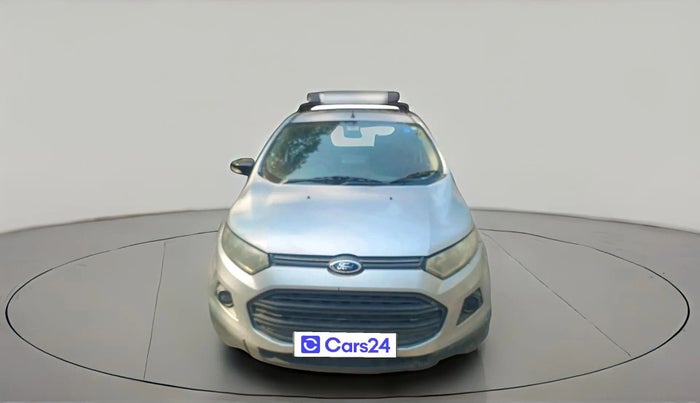 2013 Ford Ecosport AMBIENTE 1.5L DIESEL, Diesel, Manual, 99,029 km, exterior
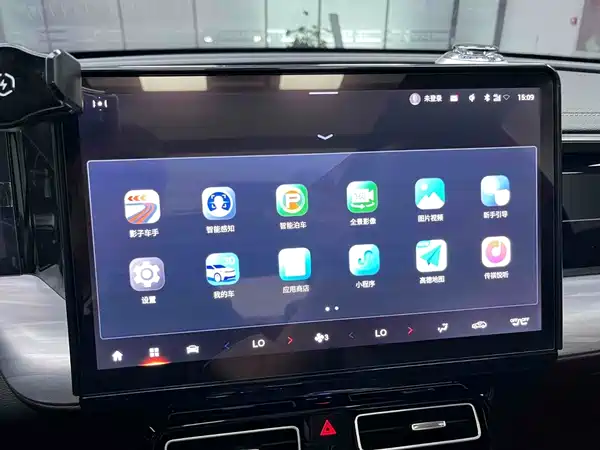 GAC Trumpchi GS8 2022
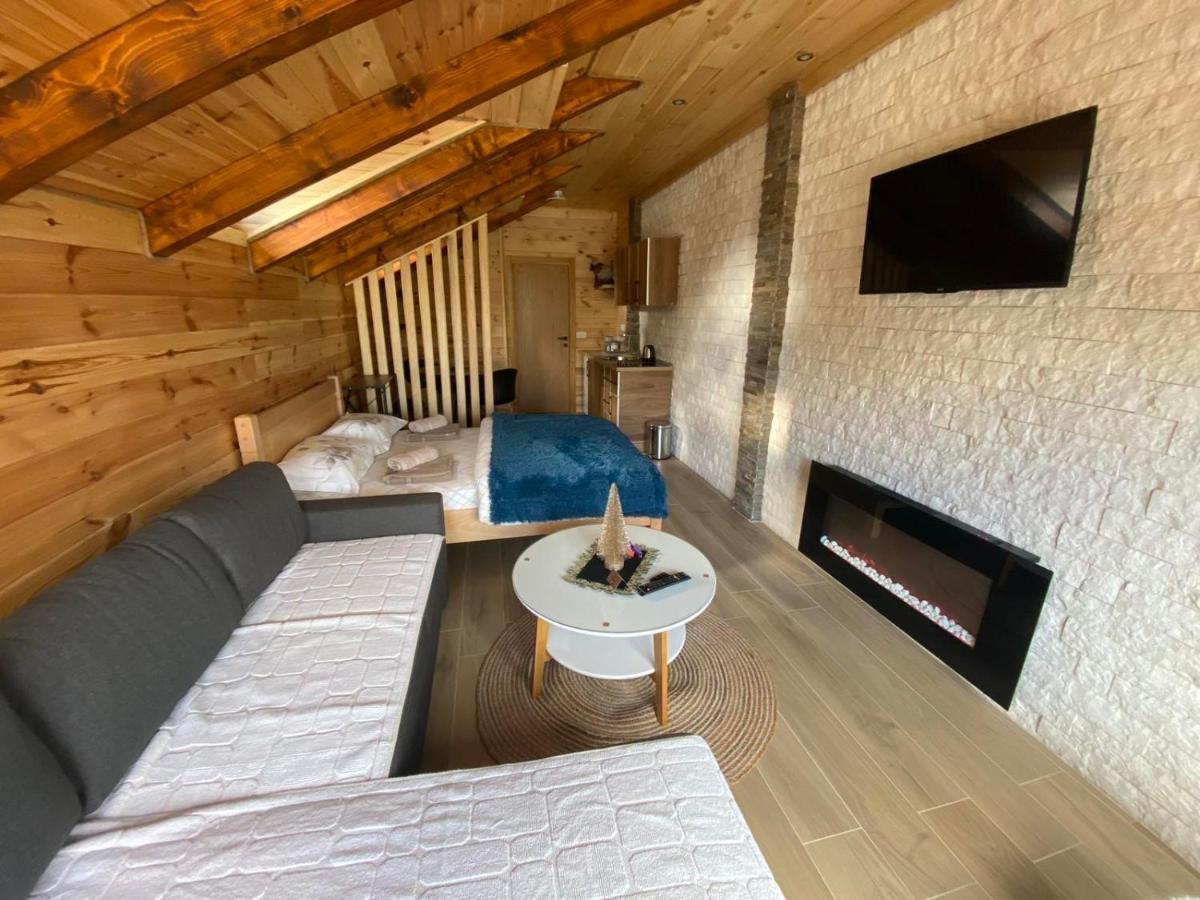 Holiday Homes Durmitorski Gaj Žabljak Exteriér fotografie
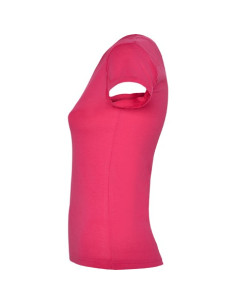 T-SHIRT COL V FEMME 155G "VICTORIA" - T-shirts personnalisés - SIP19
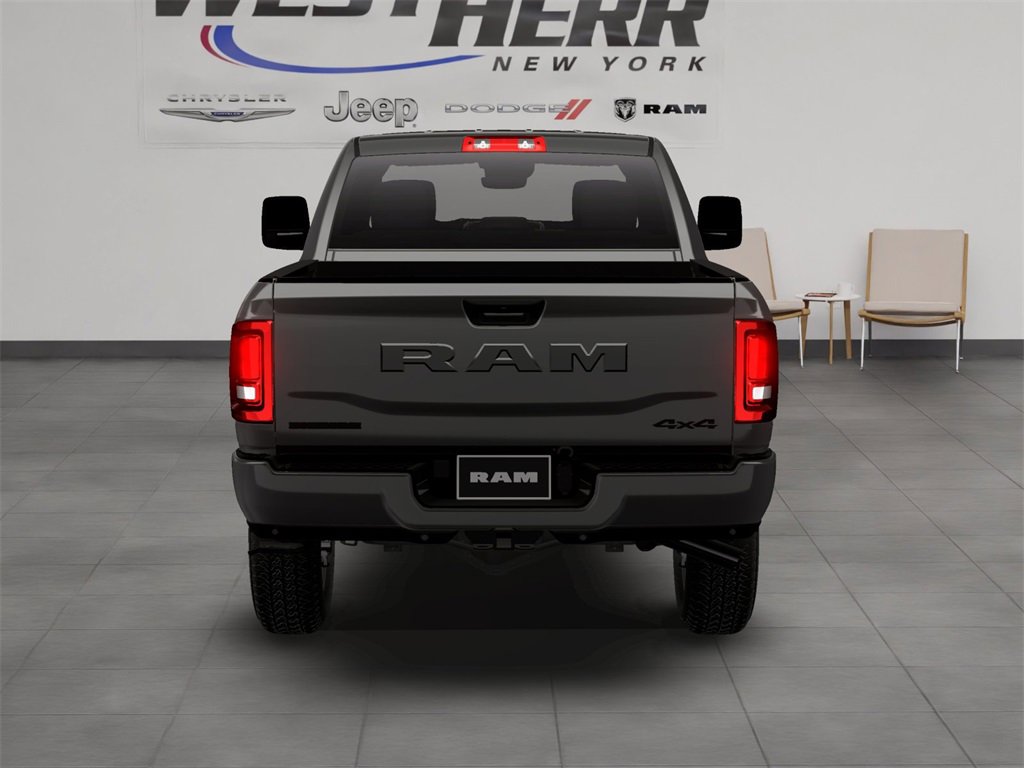 New 2026 RAM 2500 Big Horn image 9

EXERCISE REQUIREMENTS — Return, exactly and without extra lines, everything from the line with "Holiday Homes Durmitorski" through the last line of the material above, both included. Pictures must be dropped.

SOLUTION TO THE PROBLEM —
 Holiday Homes Durmitorski Gaj Žabljak Exteriér fotografie
 T-SHIRT COL V FEMME 155G "VICTORIA" - T-shirts personnalisés - SIP19
 New 2026 RAM 2500 Big Horn image 9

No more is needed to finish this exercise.